Command Line Options

--pg-extensions

If many of your tests are going to need one or more particular extensions, you can tell pytest_pgsql to install them at the beginning of the test session. This is much faster and more efficient than calling install_extension for each test.

Pass a comma-separated list of the extensions you need on the command line like so:

# Install "uuid-ossp" and "pg_tgrm" so all tests can use it
pytest --pg-extensions=uuid-ossp,pg_tgrm

--pg-work-mem

The --pg-work-mem option allows you to tweak the amount of memory that sort operations can use. The Postgres default is rather low (4MB at time of writing) so pytest_pgsql uses 32MB as its default. Try adjusting this value up or down to find the optimal value for your test suite, or use 0 to use the server default.

# Increase the amount of working memory to 64MB
pytest --pg-work-mem=64

# Disable tweaking and use the server default
pytest --pg-work-mem=0

For more information:

Tips

Be careful with COMMIT

When using transacted_postgresql_db, do not use connection.execute() to commit changes made:

# This is fine...
transacted_postgresql_db.session.commit()

# So is this...
transaction = transacted_postgresql_db.connection.begin()
transaction.commit()

# But this is not.
transacted_postgresql_db.connection.execute('COMMIT')

The problem with executing COMMIT in a transacted PostgreSQL testcase is that all tests assume they’re running in a clean database. Committing persists changes made, so the database is no longer clean for the rest of the session. Let’s see how that can be harmful:

  1. Suppose we have a test A that creates some rows in table X and executes a COMMIT. We now have one row in X.
  2. Test B creates another row in X. Now there are two rows in the table, but test B thinks there’s only one.
  3. Test B does a search for all rows in X that fit some criterion, but there’s a bug in the code and it unintentionally skips the first row it finds.
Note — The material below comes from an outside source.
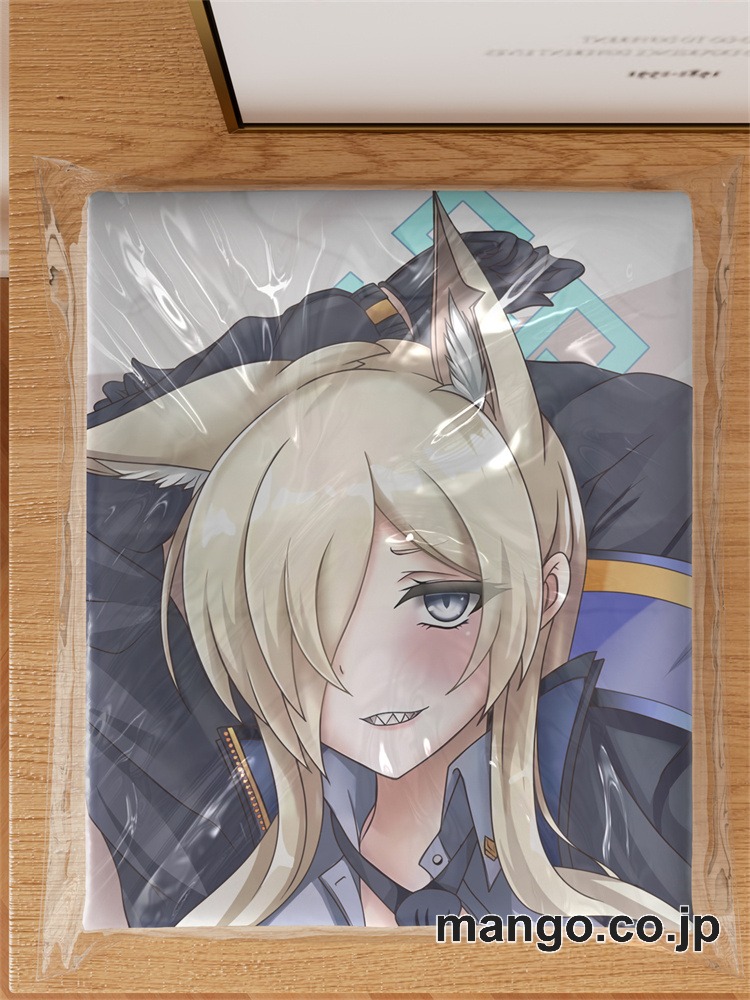 【抱き枕カバー / 等身大】 アニメ抱き枕カバー【愛らしい美少女】尾刃カンナ大型クッションキャラクターグッズPVC製コレクション用｜空気ビニール製 等身大抱き枕 コレクション向けグッズ 3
If test A created a row meeting that criterion, then test B will pass even though there’s a bug in B’s code.

Furthermore, this will only happen if test A runs before test B. Thus, adding or removing any tests can change the order and make the error appear and disappear seemingly at random.

[1]A top-level commit is a commit made on the outermost transaction of a session. SQLAlchemy allows you to nest transactions so that changes are only persisted to the database when the outermost one is committed. For more information, see Using SAVEPOINT in the SQLAlchemy docs.
[2]pg8000 is one such driver that doesn’t work. If your driver uses server-side prepared statements instead of doing the parametrization in Python, your driver will not work. This is because PostgreSQL’s prepared statements don’t support parametrizing IN clauses, something currently required by is_dirty().